There should be no pictures in your answer, only an exact copy of the lines from the one with "Italianway - Andrea" through the end of the material.
====== Records for this exercise ======
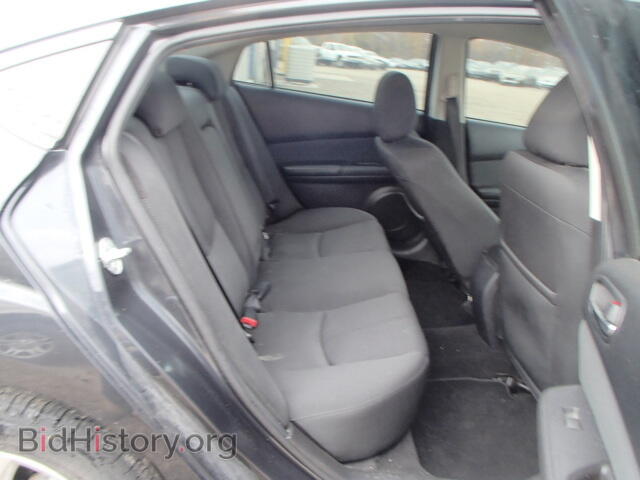 2012 MAZDA 6 - VIN: 1YVHZ8DH4C5M43468 - Фото 6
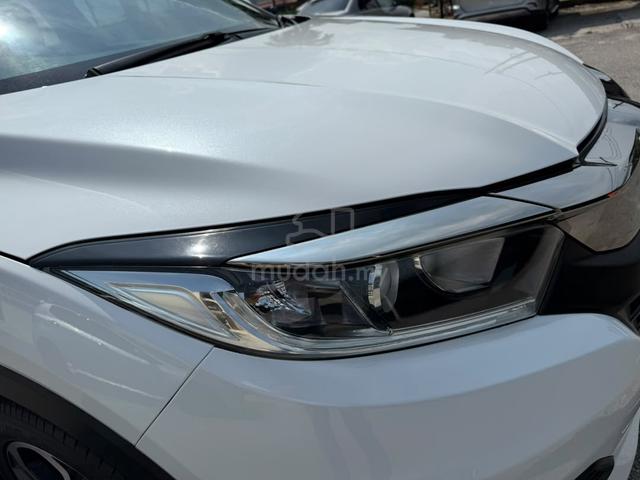 2019 Honda HR-V 1.8 E Facelift (A) 1 Owner - 3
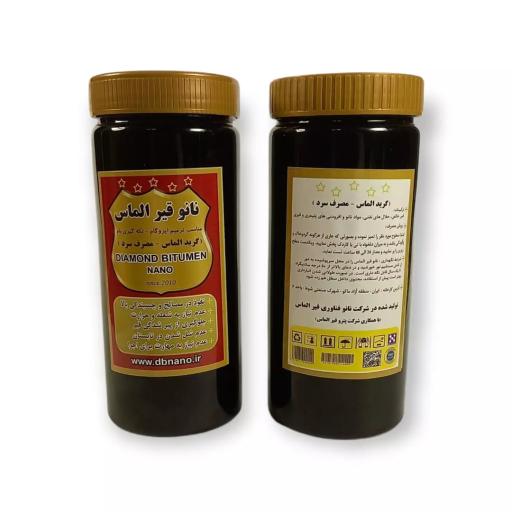 عکس دفتر نانو قیر الماس _ شعبه مشهد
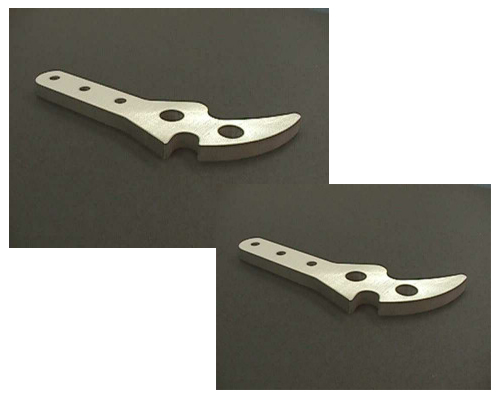 Stainless Steel Waterjet Cutting in Chennai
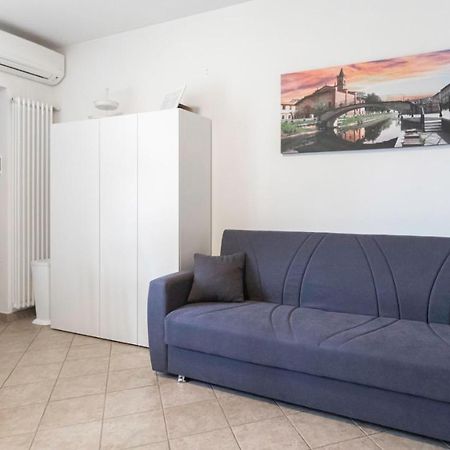Italianway - Andrea Ponti 1 Apartment Милано Екстериор снимка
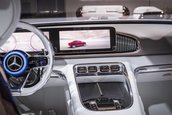 Mercedes-Maybach Ultimate Luxury Concept - Poze reale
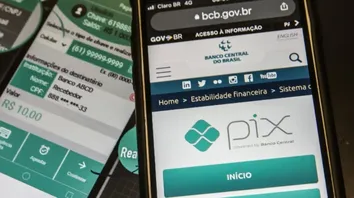 PIX TERÁ NOVAS REGRAS A PARTIR DE 1º DE NOVEMBRO; CONFIRA DETALHES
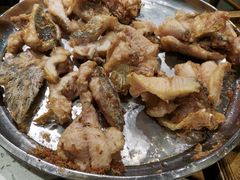 鱼肉-肖肖酸萝卜鱼火锅(总店)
======
- _Result_
Italianway - Andrea Ponti 1 Apartment Милано Екстериор снимка
 Mercedes-Maybach Ultimate Luxury Concept - Poze reale
 PIX TERÁ NOVAS REGRAS A PARTIR DE 1º DE NOVEMBRO; CONFIRA DETALHES
 鱼肉-肖肖酸萝卜鱼火锅(总店)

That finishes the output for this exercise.